Mais ses pensionnaires n’ont quasiment rien vu des tags racistes et néonazis, surtout dans un passage face à une église. Certains employés, par contre, reconnaissent leur « choc », en préparant un week-end de collecte de dons. « C’est inadmissible, réagit la direction de la maison de retraite. On ne peut que condamner. C’est vraiment gratuit. »
Pas les premiers tags racistes en Alsace cette année
Après s’être rapprochée de la municipalité et de la police, la Fondation a déposé plainte. Les faits ont ensuite été dénoncés, par la mairie de Schiltigheim en tête. Mais ces tags ressemblent à d’autres, récents, dans le département. Derniers en date, les inscriptions antisémites et racistes sur tous les murs de la maison du maire de Brumath.
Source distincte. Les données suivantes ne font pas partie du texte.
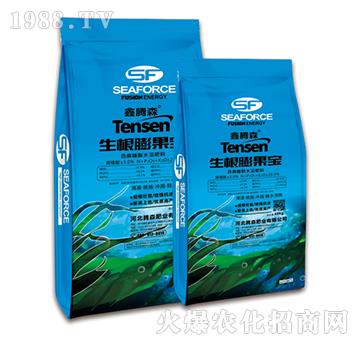 ���������-���vɭ-�vɭ�ʘI(y��)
Liste non-exhaustive des cibles ces derniers mois : la mairie de Zoebersdorf en octobre, la mairie et un bâtiment périscolaire à Mollkirch en septembre, à Thal-Marmoutier où sont accueillis des réfugiés (et sur la mairie-école de Haegen, village voisin) fin juin, la mairie d'Elsenheim et le club sportif de Muttersholtz, quelques semaines plus tôt.
Des manifestations racistes ou xénophobes qui ne sont pas nouvelles en Alsace. Entre faits de violences, profanations et tags, l’année 2004 en a par exemple connu un grand nombre du nord au sud de la région. Lors d’une table ronde à ce sujet en 2006, le président de l’Observatoire régional de l’intégration et de la ville (Oriv) datait leur début, ici, en « 1992 ».
L’Alsace néanmoins pas plus raciste qu’ailleurs ?
« C’est un danger en Alsace et partout en France », commente Tonio Gomez, du collectif D’ailleurs nous sommes d’ici 67. Avec une extrême droite implantée en zones rurales, l’Alsace serait-elle plus raciste ? Par le passé, le politologue Philippe Breton répondait en nuance sur France Bleu : « Le racisme, c’est la croyance qu’il existe des races, et que certaines sont supérieures. La xénophobie, c’est la peur de l’autre. »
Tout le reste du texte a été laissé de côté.